Il resto è noto e arcinoto: all’inizio l’Italia dei Valori era un piccolo movimento “personale”, tutto incentrato sulla figura del suo leader, che lo gestiva con un’associazione omonima insieme a persone di sua strettissima fiducia. In un secondo momento cambiò lo statuto per dargli una gestione più collegiale. Decine di giudici hanno già accertato che fu tutto regolare, fatta salva qualche caduta di stile familistica e qualche commistione fra l’entourage del leader e il movimento.

Di Pietro potrebbe anche fermarsi qui: se, in vent’anni di processi, spiate dei servizi segreti al soldo di chi sappiamo, campagne calunniose orchestrate da chi sappiamo che l’hanno vivisezionato e passato mille volte ai raggi X, riciccia fuori sempre la solita minestra, già giudicata infondata e diffamatoria da fior di sentenze, vuol dire che di errori ne ha commessi, ma tutti emendabili, perché il saldo finale rimane positivo.
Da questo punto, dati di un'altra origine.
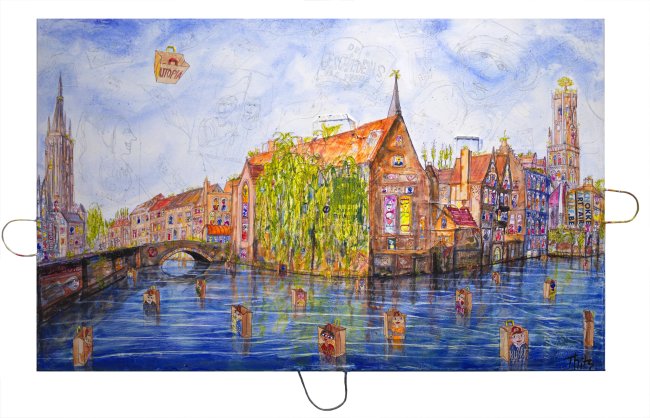 Thitz: Brügge Utopia, 2025, Acrylfarben und recycelte Papiertüten auf Leinwand, 120 x 160 cm, 16800 Euro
Senza l’Idv non avremmo votato i referendum su nucleare e impunità; i girotondi e i movimenti di società civile non avrebbero avuto sponde nel Palazzo; in Parlamento sarebbe mancata qualunque opposizione all’indulto, agl’inciuci bicamerali e post-bicamerali, alle leggi vergogna di B. e anche a qualcuna di Monti;

e certe Procure, come quella di Palermo impegnata nel processo sulla trattativa, sarebbero rimaste sole, o ancor più sole. Senza contare che Di Pietro non ha mai lottizzato la Rai e le Authority.

É vero, ha selezionato molto male una parte della sua classe dirigente (l’abbiamo sempre denunciato). Ma quando è finito sotto inchiesta si è sempre dimesso e, quando nei guai giudiziari è finito qualcuno dei suoi, l’ha cacciato. Ora la sorte dell’Idv, fra l’estinzione e il rilancio, è soltanto nelle sue mani.

E non dipende dal numero di case di proprietà, ma da quel che farà di qui alle elezioni. Siccome è ormai scontato che si voterà col Porcellum, dunque ancora una volta i segretari di partito nomineranno i propri parlamentari, apra subito i gazebo per le primarie non sulla leadership, ma sui candidati.

E nomini un comitato di garanti con De Magistris, Li Gotti, Palomba, Pardi e altri esponenti dell’Idv o indipendenti al di sopra di ogni sospetto. Qualche errore sarà sempre possibile, ma almeno potrà dire di aver fatto tutto il possibile per sbarrare la strada a nuovi Scilipoti, Razzi e Maruccio.

Nel prossimo Parlamento, verosimilmente ingovernabile e dunque felicemente costretto all’inciucione sul Monti-bis, ci sarà un gran bisogno di oppositori seri, soprattutto sul tema della legalità. Se saranno soltanto i ragazzi di Grillo o anche gli uomini dell’Idv, dipende solo da lui.